Observability: Dashboard Patterns: Aggregate View

Published in

Dm03514 Tech Blog

6 min readMar 6, 2019

Providing a uniform consistent experience is critical in quickly debugging Issues getting information necessary should be low friction and familiar. One way to accomplish this is to have each service provide a uniform standardized view into its operation. An aggregate view can be used to characterize the overall health of a system by answering: How much work is a system doing? What’s the result of the work? and How long is it taking to perform the work? I think it’s critically important to find a convention for service dashboards in order to facilitate quick responses and uniform views into our system and this is a convention that I personally like and have found success with.

Why views?

During incidents all time is critical since the client experience, money and reputation is at stakes. In order to facilitate this and to promote client centric debugging uniform views into a system can be used. If views were OOP primitives they would be interfaces. Views should be parametrizable by (service, environment, etc) and show the same structured of metrics. While parametrizable dashboards are ideal for reusability and uniformity they are not always achievable, in this case views are conventions. Each service dashboard should expose these aggregates in order to create a more uniform experience. Anyone that understands how to interpret and correlate these aggregate signals will be able to do so for any service.

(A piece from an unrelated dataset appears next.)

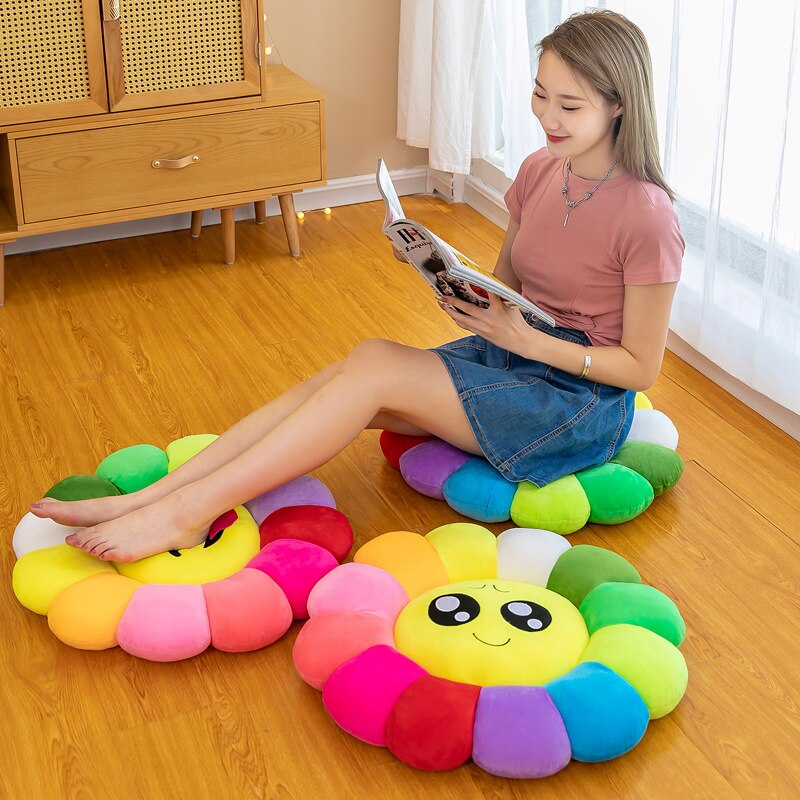 färgglad Solros Plush Komfort Sittkudde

There are many different views a service might benefit from having:

Aggregate view (discussed here)
SLO View — Visualize the SLO’s for a given service
Component View —Language Runtime Stats: GC, event loop, ticks, os threads; go: goroutines, heap, gc. Client Libraries.
Service View — Service specific metrics, queue depths, branch rates, implementation stats, etc
System View — Memory of system executing the service, CPU, Disk, Memory, Network; could be docker container resources or virtual instance resources
Resources View — Load Balancers, External Queues Etc, which could also be expressed as their own Service Views.

Views are consistent windows into a particular dimension of an application. In order to attempt full visibility into a system would be seen through the sum of its views. Views also closely match levels of abstraction. It’s often helpful to choose a single level of abstraction and view the system in terms of that. Sometimes it is important to correlate events across levels of abstraction. Consider an event where client latencies are increasing. Correlating this with machine network latencies or disk latencies may be helpful. Views are consistent, uniform and standardized. They are a primitive to view a specific dimension of an application.

So what’s an Aggregate View?

An Aggregate view represents a top level view into the system, and provides a starting point for all debugging. Aggregate views help to inform if there is currently a client problem and helps do determine if there is an online incident or an offline incident. Aggregate views should be the uppermost sections of dashboards, containing 3 of the 4 Golden signals: Throughput, Availability, and Latency.

Throughput

Throughput is the amount of work a service is performing in a given interval. Throughput should be normalized in requests per second for easy correlation to all other metrics. If the units were to default to metric count per interval it may be misleading when comparing to other dashboards, which may have different intervals based on the sample length. Requests per second is lingua Franca rate unit.

This is the rate per second of requests over the entire service it answers “how much work is the service performing?” Since the point of services are to do something it is a foundational metric that other metrics are built on. This should be intuitive because latency is a by-product of work. We must work in order to be latent. Same as availability. In order to produce a result work has to be performed, making this a foundational metric in understanding service health and crafting a proportional incident response.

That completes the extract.